At some point, our solar system gained access to water — the molecule that would one day be a vital component to life on Earth. But how did it get here? It seems like a simple question, but scientists have been puzzled until now. The biggest mystery has been the timing of water’s arrival: Did it come from the same cloud of space dust that would also create our sun, or was it formed later, by chemical reactions that took place after the sun had formed?
According to a study published Thursday in Science, something like 30 to 50 percent of the water on our planet does indeed predate the sun. Researchers determined this with a model that traced deuterium, a modified form of hydrogen that forms what we call “heavy water.” Based on the ratio of deuterium to hydrogen found in water on earth, scientists can estimate which chemical processes formed it — and how that water came to be.
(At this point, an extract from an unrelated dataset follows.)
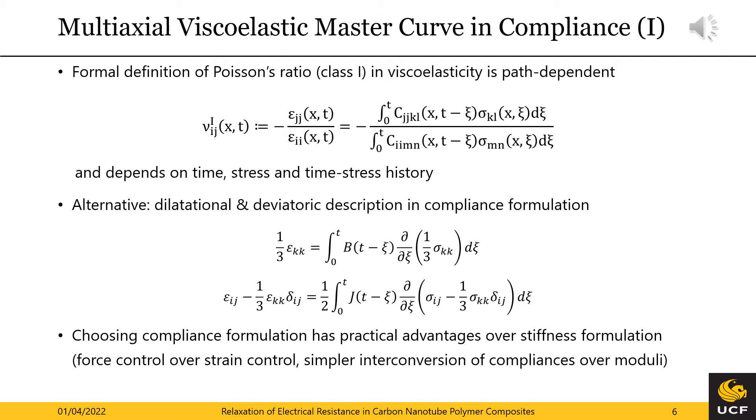The most fundamental definition of the Poisson's ratio is provided first. While the essential definition based on strength remains, the strains introduce a path dependency due to their dependency on time, stress, and the time-stress history. This leads to different Poisson's ratios determined by stress relaxation tests and creep tests. Additional definitions for the Poisson's ratio in viscoelasticity exist but cannot overcome this issue either. Therefore we propose an alternative three-dimensional viscoelastic material model via the dilatational and deviatoric material description, specifically in its compliance formulation. Here we have to determine the bulk creep compliance B and the shear creep compliance J, which do not suffer from the path dependency.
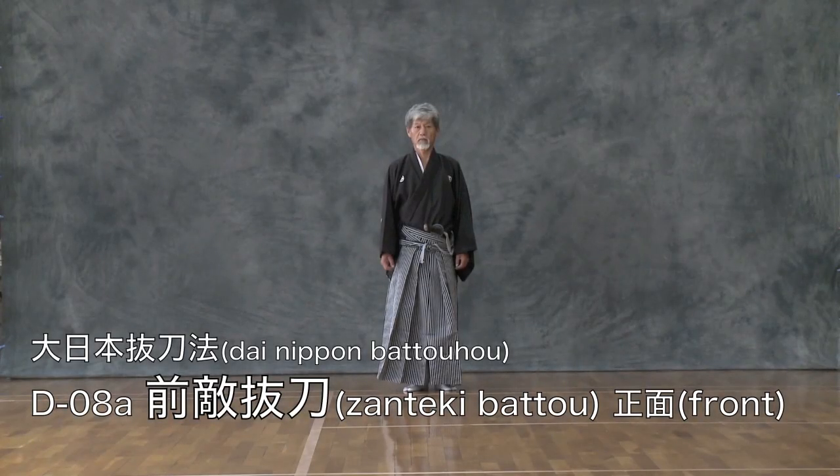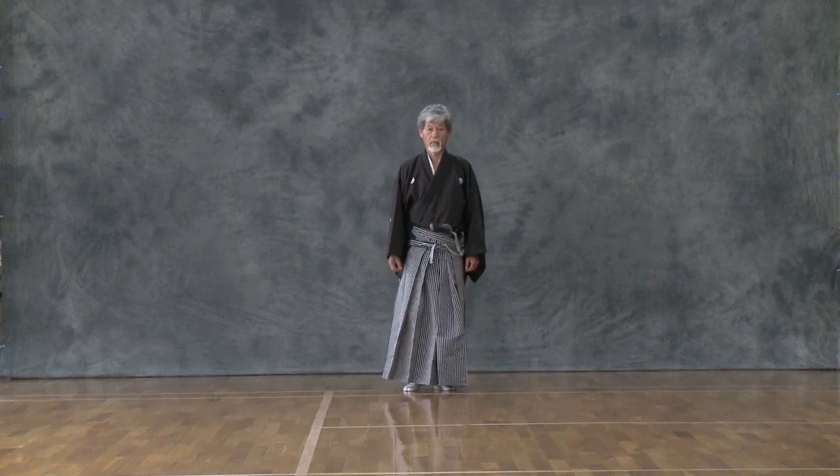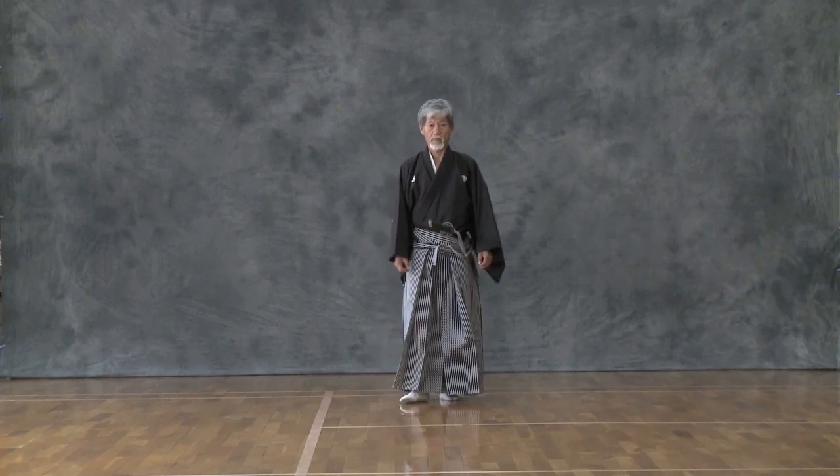Zen Tiki Battao's technique of Kaisagiri against opponents in the front and the back.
When the sun was formed, it took most of the mass of the cold space cloud that birthed it, first author and University of Michigan PhD candidate Ilse Cleeves said. But what was left over formed something called a protoplanetary disk — the matter from which all of our planets would be formed. There was definitely water around when the sun was born — but until now, researchers thought the star’s birth might have destroyed it, forcing the protoplanetary disk to start its new solar system’s water production from zero.
“The question was whether that violent, hot process of star creation scrambled the chemicals and broke the molecules of this pre-solar gas’ heavy water,” Cleeves said. “But if it did, then water would have been formed locally in this protoplanetary disk.”
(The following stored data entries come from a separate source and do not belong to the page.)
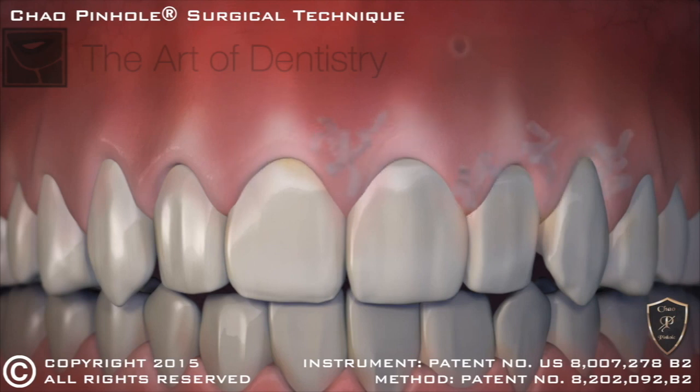When complete, the receding gums are corrected with a minimally invasive treatment that is quick, easy, and instantly pleasing.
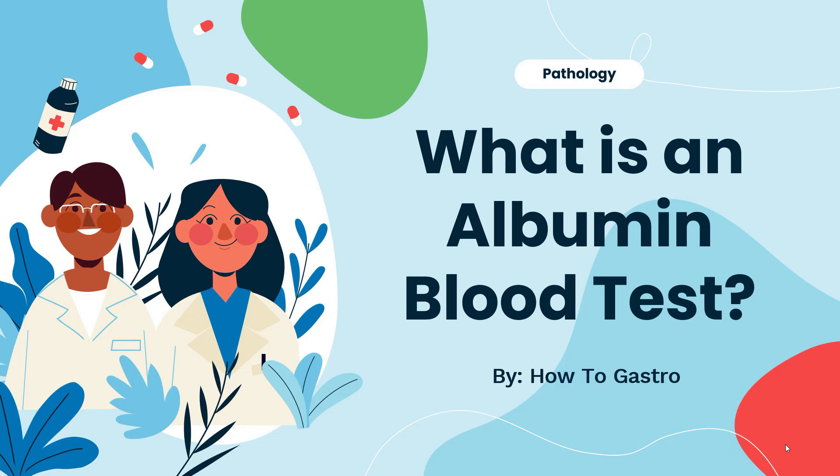Hey guys and welcome to HarderGastro. In today's video we'll be exploring what is an albumin blood test. So let's get started.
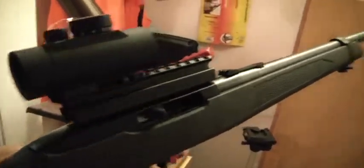Thanks for tuning in. I'm just doing a quick little video messing around. I got bored so I decided to put a red dot scope on the 10-22, and that's what I did.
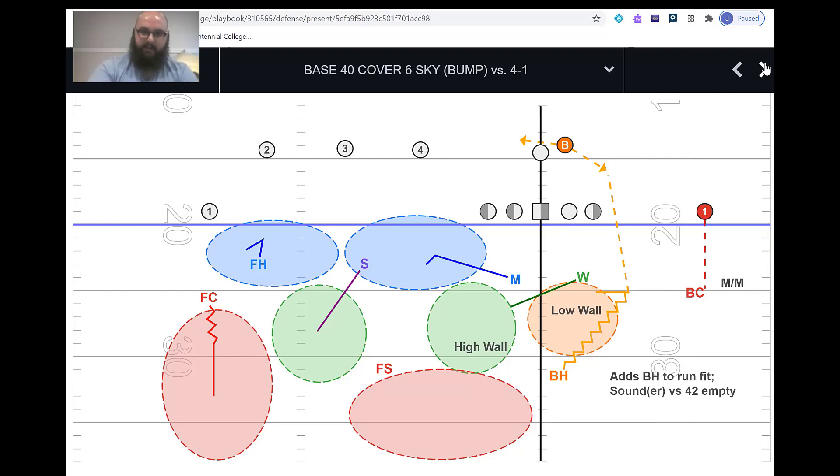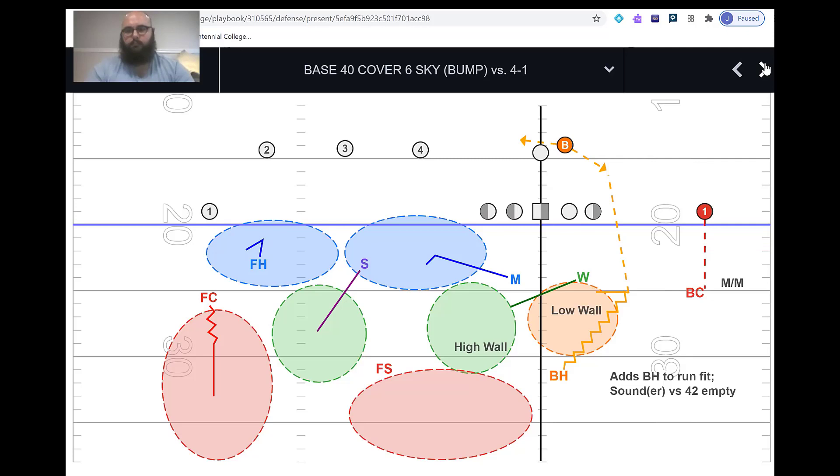Having the boundary half on the new potential number two weak is a lot more comfortable for most coaches, especially if you're getting a team that goes empty or want options if they do go empty. That's the same point as earlier about not being a check defense — you want what you do versus 41 to ultimately work against empty, 31, and 23 as well, and work backwards from there.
According to the model created by Cleeves and her colleagues, our solar system actually maintained the water it inherited pre-star.
“The punchline here is that we simulated heavy water formation as it would have occurred in the disk, and it was almost negligible,” Cleeves said. In other words, we simply have more heavy water than our post-sun sources can account for.
It’s certainly a gee whiz discovery, but Cleeves and her team think it might have some universal applications. “This is speculative, but if the sun’s formation was typical — and we have no reason to think it wasn’t — then the fact that this water survived the formation of a star means that they can survive it everywhere,” she said.
If water can be present in any protoplanetary disk, it means that it’s available as a building block when young planets are born — and that means we can hope to find other planets that have the same molecule that made life possible here.
“This is very different from a model where everything is erased during star formation, and you start from the protoplanetary disk,” said Ralph Pudritz, a professor of astronomy at McMaster University who wasn’t involved in the study. This study, he said, is a “compelling” and “solid” step toward erasing the doubt surrounding the origin of water in our solar system.
Finding the water’s origin is vital in understanding the origin of life — and if this new research is correct, it means that our life-giving gift of water might be run-of-the-mill. “If most of the water is being put together before the star is there,” Pudritz said, “it smacks of a greater universality.”